The Serpents Came Up Out of the Sand
The creatures were not like the snakes the herdsmen knew. These burned. A man would feel the strike, a quick double sting at the calf, and then the fire would start traveling, up the leg, into the gut, until it reached the place behind the eyes and he could no longer stand. The bite did not only break skin. It went down into whatever a person is underneath the skin, and it burned there too. By midday the camp had become a field of the dying, and the living stepped over them and did not know where to put their feet.
Moses stood at the center of it. The same people who an hour before had cursed him came crawling now, dragging swollen limbs across the ground, and they laid their faces in the sand before him. We have sinned, they said, the words coming out cracked. We spoke against the Lord and against you. Beg Him to take the serpents away from us. Their tongues, the very tongues that had turned a gift into garbage, could barely shape the confession.
Moses Prayed and Heard a Strange Answer
So Moses prayed. He prayed for the people who had wanted him dead that morning, lifting his voice over the hiss and the weeping, and he waited for the simple mercy any man would ask for: that the snakes be gathered up and carried off, that the sand go still again.
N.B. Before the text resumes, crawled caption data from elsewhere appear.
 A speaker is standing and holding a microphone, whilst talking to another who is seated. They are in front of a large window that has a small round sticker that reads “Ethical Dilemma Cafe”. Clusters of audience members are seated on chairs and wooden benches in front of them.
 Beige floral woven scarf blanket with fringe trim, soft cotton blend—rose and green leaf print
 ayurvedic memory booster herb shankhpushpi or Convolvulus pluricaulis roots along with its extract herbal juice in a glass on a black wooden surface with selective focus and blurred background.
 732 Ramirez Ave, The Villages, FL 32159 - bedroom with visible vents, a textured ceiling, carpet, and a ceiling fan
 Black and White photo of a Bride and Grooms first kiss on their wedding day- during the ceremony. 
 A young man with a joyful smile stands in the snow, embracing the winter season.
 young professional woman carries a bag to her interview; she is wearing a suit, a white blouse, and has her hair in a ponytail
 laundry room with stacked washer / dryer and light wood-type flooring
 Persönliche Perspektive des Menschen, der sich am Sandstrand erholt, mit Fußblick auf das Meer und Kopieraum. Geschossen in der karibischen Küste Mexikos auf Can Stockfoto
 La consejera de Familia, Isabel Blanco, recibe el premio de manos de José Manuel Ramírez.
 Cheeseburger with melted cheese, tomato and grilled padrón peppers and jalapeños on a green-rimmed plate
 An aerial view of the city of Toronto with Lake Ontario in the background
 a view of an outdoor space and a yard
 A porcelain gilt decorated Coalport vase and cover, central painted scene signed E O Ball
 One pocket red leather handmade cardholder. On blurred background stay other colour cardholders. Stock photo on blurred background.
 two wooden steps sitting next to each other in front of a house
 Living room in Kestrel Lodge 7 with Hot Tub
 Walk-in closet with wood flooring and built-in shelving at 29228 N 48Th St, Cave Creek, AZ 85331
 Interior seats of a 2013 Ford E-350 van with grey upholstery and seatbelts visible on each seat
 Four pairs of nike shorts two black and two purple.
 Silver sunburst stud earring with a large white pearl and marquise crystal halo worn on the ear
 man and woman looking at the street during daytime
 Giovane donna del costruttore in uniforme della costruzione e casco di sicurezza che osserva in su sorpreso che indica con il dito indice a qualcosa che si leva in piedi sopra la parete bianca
The answer that came was not that. He was told to make a serpent. To take the very shape that was killing them, fashion it, fix it to the top of a pole, and raise it high where the whole camp could see. And whoever was bitten would look at it and live. Make the wound into a thing to be stared at. Hang the terror up in the air over the tents.
He Hammered the Snake from Bronze
No one had told him what to make it from. The instruction named no metal. Moses could have shaped the thing from clay or carved it from wood. He chose bronze, and the choice was his own, because in the old tongue the word for serpent, nachash, rang against the word for the burnished metal, nechoshet, the two sounds leaning into each other like an echo answering a cry. He wanted the ear to catch it. He wanted a man looking up to feel the pull of memory.
For there had been a serpent before this one, in a garden at the beginning, a creature that opened its mouth and bent a desire and brought ruin into the world through speech. That was the first wound, and it had been a wound made of words. And here were these people, bitten by burning things shaped like that first speaking creature, struck down because their own words had turned bread into bile. Moses hammered the bronze until it shone, and the form he raised on the pole was not a charm. It was a mirror.
They Lifted Their Eyes and Were Healed
The pole went up at the center of the camp, and the bronze caught the sun and threw it down on the dying. A bitten man, fire climbing his leg, would tilt his face toward it. He would see the shape of the thing that had felled him gleaming above, and he would remember the garden serpent and the ruin of words, and a tremble would go through him. In that tremble he would turn. He would lift his heart past the metal, past the pole, up to Heaven, and surrender there.
And in that exact moment the fire would go out of him. The swelling would ease. He would breathe.
It was never the bronze. A lump of beaten metal heals no one, and a serpent does not kill and then turn around and give life. The healing came in the lifting of the face, the choosing to look up, the directing of the heart away from complaint and toward the One who had fed them all along. The eyes that had looked at the manna and called it wretched were made to look upward instead. Whoever could still raise his head off the sand and aim it at the sky did not waste away. The pole stood over the camp like a question every bitten man had to answer with his own neck, and those who answered it lived.